Pinchos – These are usually described as a shish-kabob, so they will look a little familiar to you. Many people just set up a BBQ grill (sometimes right outside their house!) and cook these. They are marinated meat on a stick, usually made with chicken or pork. They usually will come with a piece of bread or maybe tostones on the stick along with the meat.
Pastelillos or Empanadillas – Sometimes called pastellos – these are my favorite. These are the turnover-looking things that are actually filled, deep-fried pies. They can be filled with a variety of things, such as ground beef, chicken, "pizza" or, if you are lucky, lobster, crab, conch, or octopus. Sometimes, the beef/chicken/pizza types are store-bought and contain less filling. If you find a place that sells the seafood ones, these are typically homemade and full of really good stuff.
Tostones are a green plantain, flattened and fried. They are usually salted with Adobo or served with a mayo-ketcup sauce (I would tell you the recipe, but it is a secret!).
Bacalaitos or Bacalao are the large flat round things. They are a deep-fried mixture of salt-cod fish and batter.
Surullitos are the golden fried finger-shaped things. They are made from cornmeal.
Arepas are flour and butter balls, flattened and fried until they puff up, like little dough pancakes. Sometimes they are sweetened with coconut.
Alcapurrias are mashed yautia (a root veggie, like a potato) and green plantains, with some ground meat stuffing inside and then fried. These are larger hotdog-shaped things.
Relleno de papa is a fried ball of mashed potato with ground meat inside. I think that this one needs something to jazz it up a bit. I find it kind of bland.
Piononos are a sweet plantain filled with seasoned meat, then fried. It has both sweet and salty flavors at the same time.

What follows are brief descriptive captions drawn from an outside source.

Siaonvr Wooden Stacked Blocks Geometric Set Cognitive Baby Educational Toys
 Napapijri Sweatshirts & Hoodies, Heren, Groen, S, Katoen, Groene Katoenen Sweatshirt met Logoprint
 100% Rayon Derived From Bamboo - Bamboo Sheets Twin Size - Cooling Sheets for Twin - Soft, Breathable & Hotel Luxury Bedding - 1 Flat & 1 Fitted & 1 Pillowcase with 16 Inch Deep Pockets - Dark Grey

Mofongo is the larger, ball-shaped thing. It is made of mashed fried green plantains. I like it made from yucca (another root vegetable) better than the plantain variety. Sometimes they are filled, in which case its called mofongo relleno.
Chicharron is fried pork skin. I tried it once, it is not bad, but it is just not something I eat.
Some towns or areas have their own "special" frituras. For example, the town of Humacao has Granos, which is made from rice and it has a tiny piece of cheese in it, and then fried. Or Canovanas has their Macabeo, which is similar to an alcapurria, but made only with plantain that is half mashed, half shredded, then put around the meat filling and fried. So ask for the local specialty!
Ask if they they have a garlic sauce – con ajo. If so, get that on your tostones or mofongo to make it extra yummy!
Something Cold to go with That?
Pina Colada, a traditional local drink, is a mixture of cream of coconut and pineapple juice, typically blended with ice to make a sweet, slushy drink. You find these with or without rum or con o sin ron.
Coco Frio is the water from a cold, green coconut. They will take a green coconut, cut it open and stick a straw in it. It usually costs about $1. Don’t expect the sweet shredded coconut flavor. This is water of the unripe fruit. It has a slightly salty, just mildly coconut, flavor.
Medalla Light is a popular, local Puerto Rican beer. It is a light beer, and it is only 10 ounces – so it is light on both counts!
OK. But What’s in it?
Here are some words that will help you figure out exactly what’s inside that fried thing you’re thinking of ordering.
- carne – meat, usually pork, but could be beef. If it matters to you then ask!
- pollo – chicken
- pulpo – octopus
- jueyes – land crab
- camarone – shrimp
- queso – cheese
- caracola – conch
- langosta – lobster
The prices are usually only $1.00 to $3.00 each for these items. Pick a few of what looks good, get them to go with a local beer or pina colada, then walk to the beach and enjoy.
I can’t tell you exactly which kiosk to stop at (though we like the ones along Road 187 in Pinones for home made seafood frituras). There are always some around the beaches, and there are a large number to choose from at Luquillo Beach. For the best ones, go to the ones where there the locals are eating (the busy ones). That will be the best tasting food!